• _MATERIAL PROVIDED_
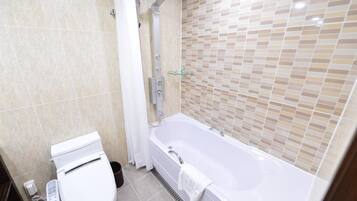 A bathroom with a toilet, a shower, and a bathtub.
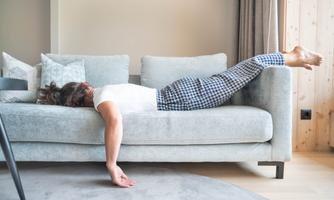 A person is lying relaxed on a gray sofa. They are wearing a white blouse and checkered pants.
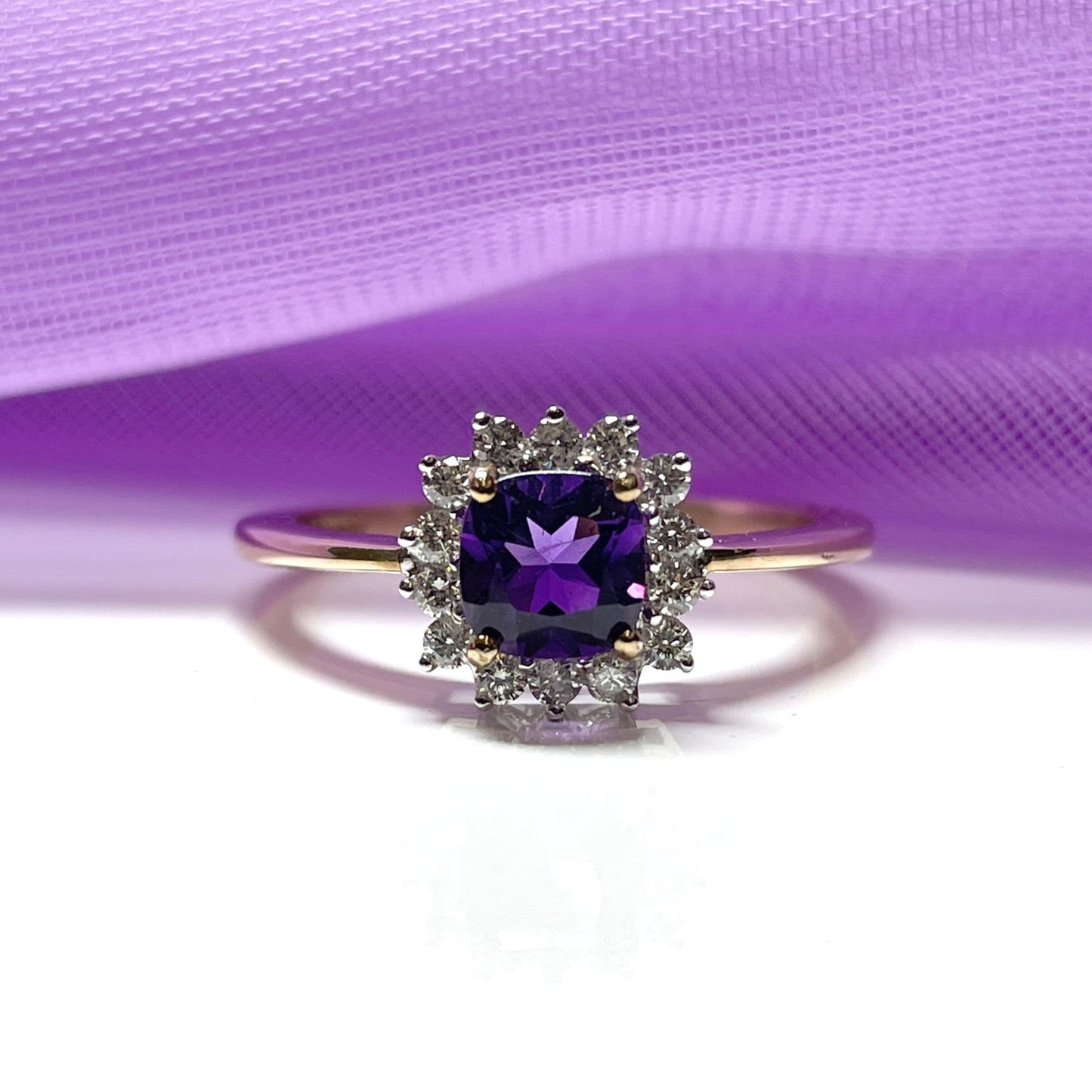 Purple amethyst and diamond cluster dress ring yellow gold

• _THE PROBLEM_
Reproduce the entire listing exactly, but omit any pictures.

• _TASK SOLUTION_
 A bathroom with a toilet, a shower, and a bathtub.
 A person is lying relaxed on a gray sofa. They are wearing a white blouse and checkered pants.
 Purple amethyst and diamond cluster dress ring yellow gold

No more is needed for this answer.